On Friday, Hillary Clinton’s praise for Nancy Reagan looked weird, but by Sunday, when Donald Trump said, “All I know is what’s on the internet,” the whole campaign seemed headed off the rails.
After a bizarre series of events this weekend, the days when the presidential campaign was mainly concerned with the size of Donald Trump’s hands and Hillary Clinton’s “damn emails” might now have to be reclassified as the “normal” part of the election season.
Here’s a brief recap of one of the most densely strange weekends in American political history.
Things started to go off the rails on Friday, when Clinton, attending the funeral of another former first lady, Nancy Reagan, offered up a startlingly inaccurate account of “how difficult it was for people to talk about HIV/AIDS back in the 1980s” until a national conversation finally began “because of both President and Mrs. Reagan — in particular Mrs. Reagan.”
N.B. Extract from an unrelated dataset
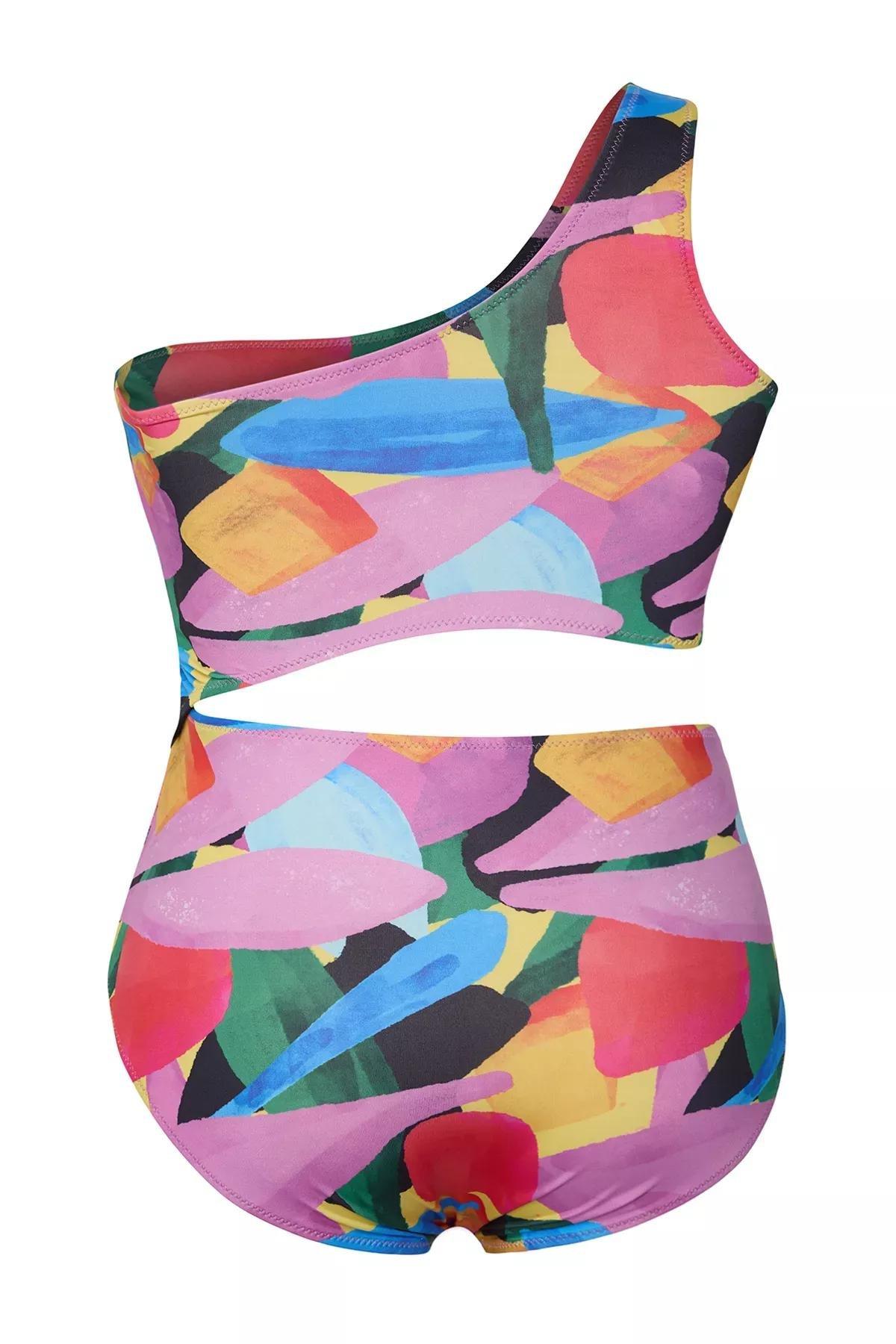 Multicolour One Shoulder Detailed Patterned Swimsuit, C101_7382, large image number 3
Hillary Clinton: The Reagans, particularly Nancy, helped start "a national conversation" about HIV and AIDS. https://t.co/7sZp8X53fb
— MSNBC (@MSNBC) March 11, 2016
Among many others, Michael Specter, who covered the AIDS epidemic for the Washington Post, pointed out in the New Yorker that this was not only completely untrue, but bafflingly so:
President Reagan’s first speech on the subject wasn’t until May 31, 1987. By then, more than twenty-five thousand people, the majority of them gay men, had died in the United States. His administration ridiculed people with AIDS — his spokesman, Larry Speakes, made jokes about them at press conferences — and while I do think it rude to speak ill of the dead, particularly on the day of a funeral, this issue cannot be ignored. Nancy Reagan refused to act in any way in 1985 to help her friend Rock Hudson when he was in Paris dying of AIDS. (Last year, BuzzFeed published documents that make this clear.)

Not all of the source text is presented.